WORK TO COMPLETE » Make an exact copy of the listing, without images.

DATA PROVIDED »
'''

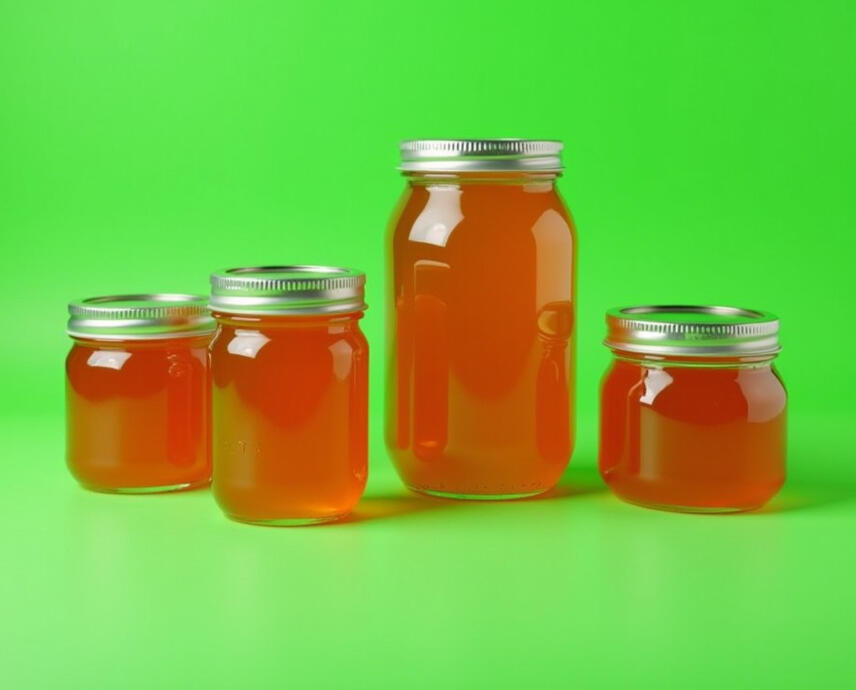 Product Photography
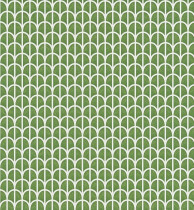 Обои Thibaut Paramount T2937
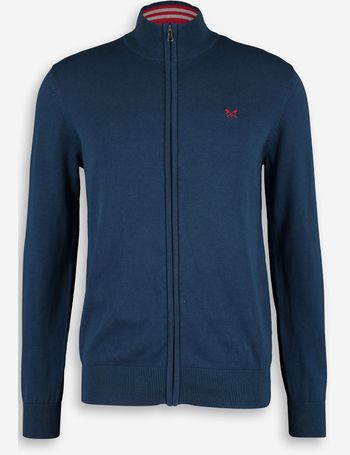 Tk maxx outlet mens cardigans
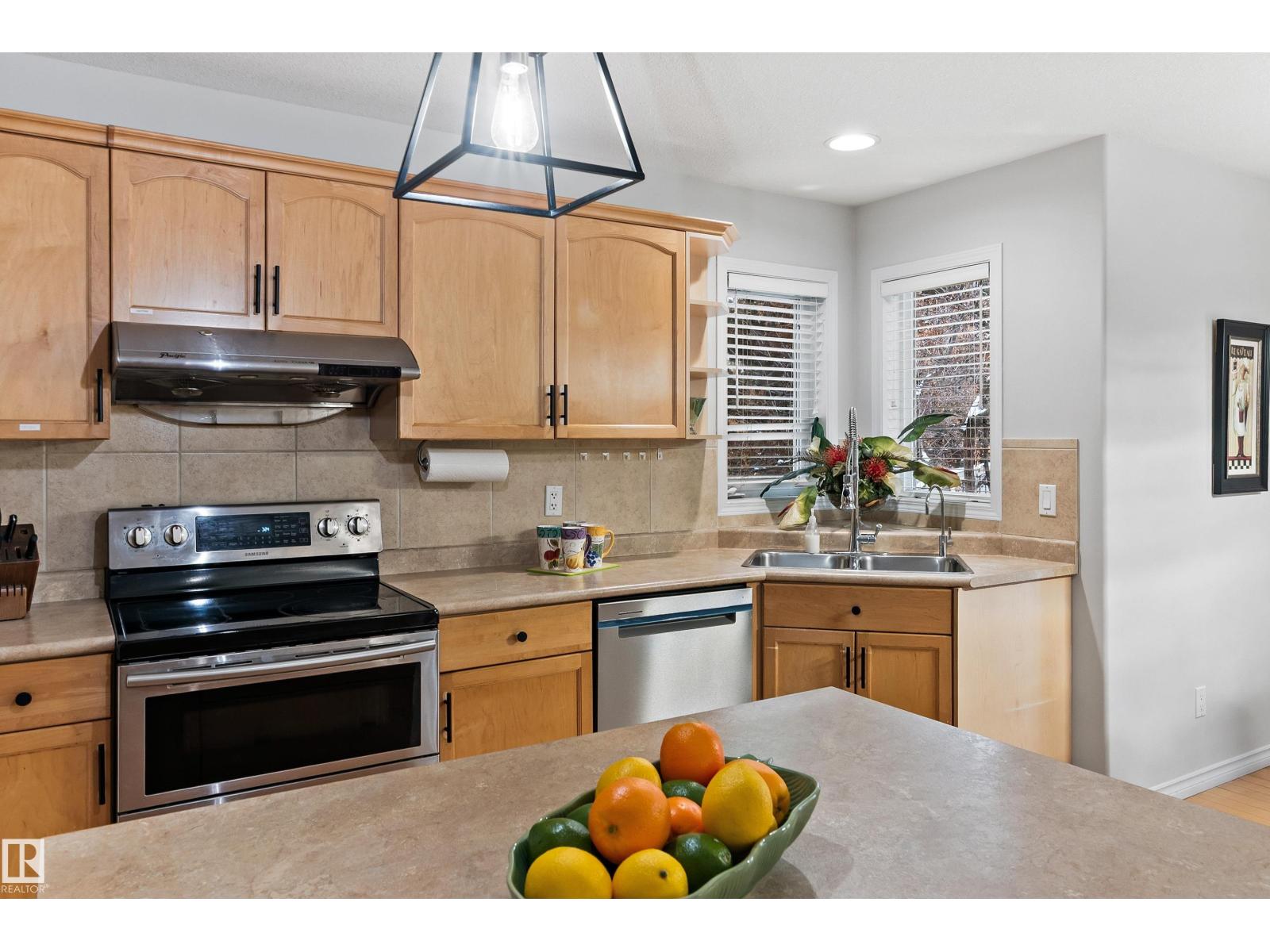 20432 50 Av Nw, Edmonton, Alberta  T6M 2Z8 - Photo 11 - E4467963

'''

TASK SOLUTION »
 Product Photography
 Обои Thibaut Paramount T2937
 Tk maxx outlet mens cardigans
 20432 50 Av Nw, Edmonton, Alberta  T6M 2Z8 - Photo 11 - E4467963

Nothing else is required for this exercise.